Les petits producteurs du secteur d’Eymoutiers sont obligés d’aller faire abattre leurs bêtes à Limoges, dans l’immense abattoir municipal où tout est à l’échelle industrielle : les cadences, le bruit, les conditions de travail très dures pour le personnel. Le stress des animaux, dû au voyage puis aux conditions de parcage et d’avancée vers l’abattage, est intense. Les éleveurs ont beaucoup de difficultés pour récupérer les abats provenant de leurs bêtes : on leur propose ceux de n’importe quels autres animaux tués en même temps que les leurs. Soucieux de la qualité de leur travail et de leur production, ils se sentent étrangers dans cet établissement qui rappelle les célèbres et effrayants abattoirs de Chicago.

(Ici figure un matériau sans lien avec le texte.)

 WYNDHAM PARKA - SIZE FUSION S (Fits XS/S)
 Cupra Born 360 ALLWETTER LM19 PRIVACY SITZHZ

Parmi ces éleveurs locaux, beaucoup pratiquent déjà la vente directe. Certains ont créé des ateliers de découpe et décident de se regrouper pour réouvrir à leur usage l’abattoir d’Eymoutiers, dont les installations sont intactes, en investissant collectivement dans un atelier de découpe attenant. Pour construire l’outil performant au service de l’agriculture locale auquel ils aspirent, ils créent l’association A2VL (Abattre et valoriser la viande en Limousin) au sein de laquelle ils étudient les modalités de réalisation d’une plateforme de services très complète : abattage, découpe, transformation, stockage, surgélation et transport. Ils s’associent alors dans le cadre de la SAS (société par actions simplifiée) “Pôle Viandes Locales“. Ils sont rapidement obligés de renoncer au site d’Eymoutiers en raison de la proximité gênante de maisons d’habitation et d’un établissement recevant du public. Ils sont donc conduits à prévoir une construction ex nihilo de leur équipement, ce qui présente au moins deux avantages, d’abord une liberté de conception totale, sans le handicap de l’adaptation à l’existant, et par ailleurs la possibilité de recevoir des subventions, réservées au neuf.
Après un long travail de préparation, Guillaume Betton, président, et la soixantaine de sociétaires de la SAS obtiennent de la communauté de communes Bourganeuf-Royère la possibilité d’installer le Pôle sur la zone artisanale de Langladure (commune de Masbaraud-Mérignat). En 2017, dix ans après la fermeture d’Eymoutiers, ils voient leurs espoirs se concrétiser : les bâtiments sortent de terre et répondent à des critères d’utilisation précis, qui rompent avec ce qui se pratique habituellement en matière d’abattage.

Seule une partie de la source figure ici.